Well, yeah, I thought I kinda had to...
We get to school. I note he put on a nice black t-shirt, but the problem is, it's full of CAT hair. Nice. He's always picking up those darned cats after putting on black. It's illegal and cannot be done I say.
"You have cat hair all over your shirt! You can't go in like that!" as I proceed to lick my hand so I can swipe off the cat nest festering all over him.
"GROOOSSS! NO MOM!"
Shoot. I shouldn't have licked my hand. Dead gross-mom giveaway. Thinking fast, I head for the water fountain on the school ground. I soak my hand, SHOW him I'm wiping MOST of it off (he detests wet on him) and proceed to swipe swipe swipe in true motherhood fashion. I know, what a pain in the butt I can be. He fussed some and kept turning on me but I nabbed most of it. Whew. I can breathe now.
School bell rings. Time to go in! I go to give him that little snuggle of a hug and kiss combo and as I'm doing the forward lean thing, he eyes me weird. Oh, right. Gotta be cool here.
"No more kisses and hugs for you huh?" He looks at me in that little eeny weeny corner of his sparkly eye and gives me a small smirk. He wants it. BAD. I go in for the dive and for fun, glue myself on him as we waddle to the door of the school while we both laugh.

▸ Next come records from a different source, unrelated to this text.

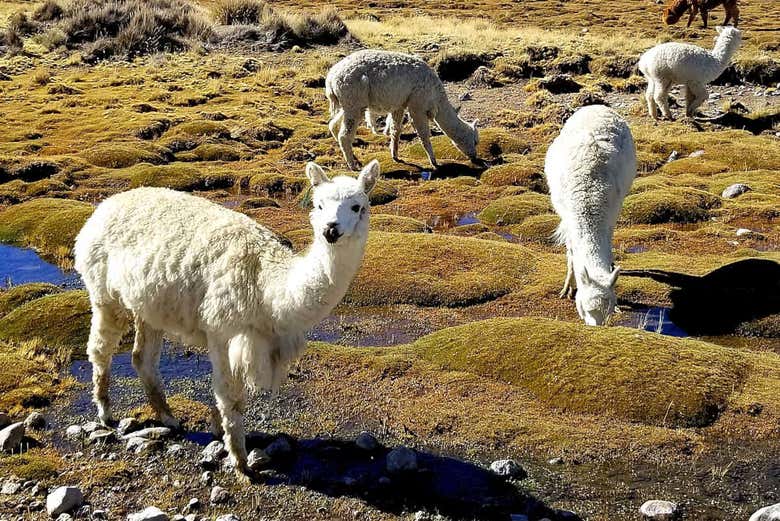 Vicuñas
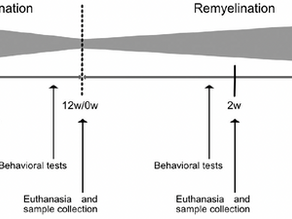 Low field magnetic stimulation promotes myelin repair and cognitive recovery in chronic cuprizone mouse model
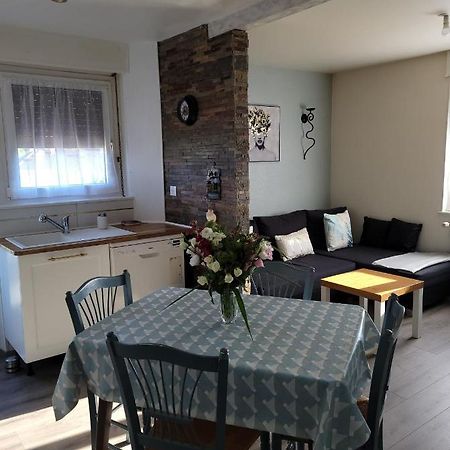 Appartement Au Cigogneau Wifi-Netflix-Balcon-Parking マンステール エクステリア 写真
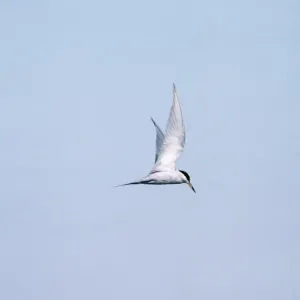 Peruvian Tern Print (Sterna lorata) Peruvian Tern Print (Sterna lorata)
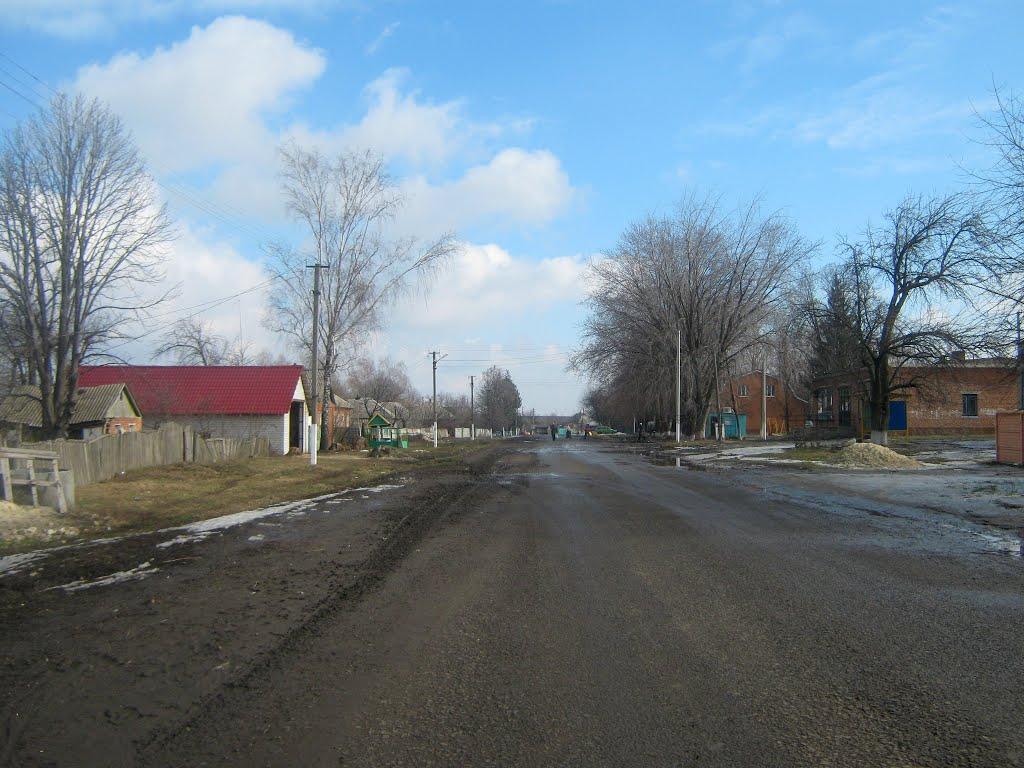 Стара Гнилиця з panoramio.com - Стара Гнилиця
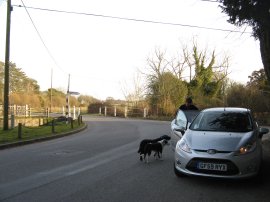 Bonnie and Zuka back at the car in Cheriton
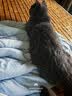 冠能猫粮成猫猫粮三文鱼味7kg 全价猫粮 稳固免疫 适口性强 实拍图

Ah crap. I have to let go. He's been chained to my hip for 10 years. I have some habits to break.
Cody's off to camp this weekend for 9 whoppin' days taking a flight outa town no less. Guess that'll be a GREAT start to me letting go, huh? I'll update on my state of mind as the weekend nears. Right now I feel excitement for him! Let's see what Saturday brings, shall we?
Sigh... 10 going on 20. When did this happen?